BRUSSELS -- NATO Secretary-General Jens Stoltenberg has defended Georgia’s right to decide for itself whether it wants to join NATO, saying that Russian pressure against Tbilisi on the issue is “totally unacceptable.”
“Russia has no right to decide what neighbors of Russia can do,” Stoltenberg said in Brussels on July 18 at a joint press conference with Georgia’s new prime minister, Mamuka Bakhtadze.
“Georgia is a sovereign, independent nation and Georgia has the right to decide its own path, including what kind of security arrangements Georgia wants to be part of,” Stoltenberg said.

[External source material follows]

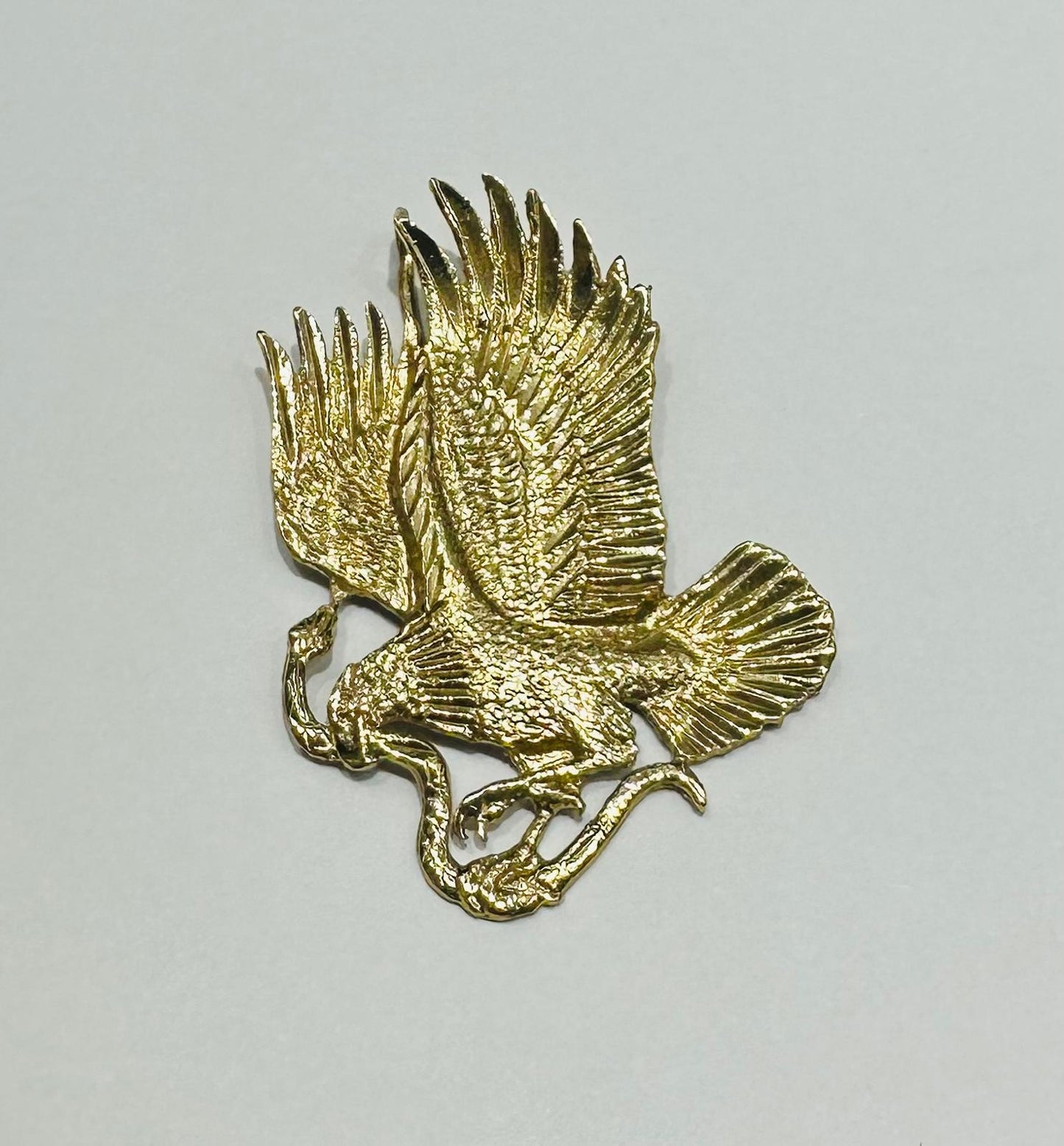 10K GOLD EAGLE PENDANT- WEIGHT: 8.0gm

“The whole idea that a neighbor tells a neighbor what they can do and what they cannot do is totally unacceptable because that is to reestablish the old idea of spheres of influence where big powers were in a position where they could decide what small neighbors could do or not do.”
Speaking beside Stoltenberg, Bakhtadze said “Georgian membership in NATO is not aimed against somebody. It just makes the region stronger, more predictable, and more secure.”
“Georgia is an independent country and we are making decisions ourselves,” Bakhtadze said. “The decisions of NATO are made on a consensus basis. This means that it’s Georgia and 29 countries [in NATO] that have to make a decision when Georgia will become a member.”